Cracked Shows How The Watchmen Movie Could Have Been Worse
Well, that’s the idea, at least. To be honest, some of the things in this are better than anything in the movie or the book. Like this:
DR. MANHATTAN grapples with THE MEANS OF PRODUCTION, the pair of them rolling outside where they grow to titanic size, striding across the Antarctic landscape, exchanging helicopter kicks and ion blasts. They lock in a clench, eyes burning. Suddenly THE MEANS OF PRODUCTION breaks his grasp, twisting his opponent around. From behind, he seizes DR. MANHATTAN by his DIAPER, yanking it violently upward. A CRY emits from DR. MANHATTAN’s mouth that splits the heavens.

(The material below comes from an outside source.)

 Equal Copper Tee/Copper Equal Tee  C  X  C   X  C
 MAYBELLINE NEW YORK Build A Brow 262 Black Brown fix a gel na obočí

A sick grin spreads across THE MEANS OF PRODUCTION’s face, as he twists the diaper in his cruel hands. Suddenly the diaper rips, freeing DR. MANHATTAN. He falls to the ground and immediately sweeps the leg, sending THE MEANS OF PRODUCTION to a distant galaxy with his mighty blow.
Which sounds like Watchmen as filtered through the ISB. Which I believe trumps all of the literary and storytelling merit of the original. Hopefully Zack Snyder films this scene (and the alternate ending) for the DVD.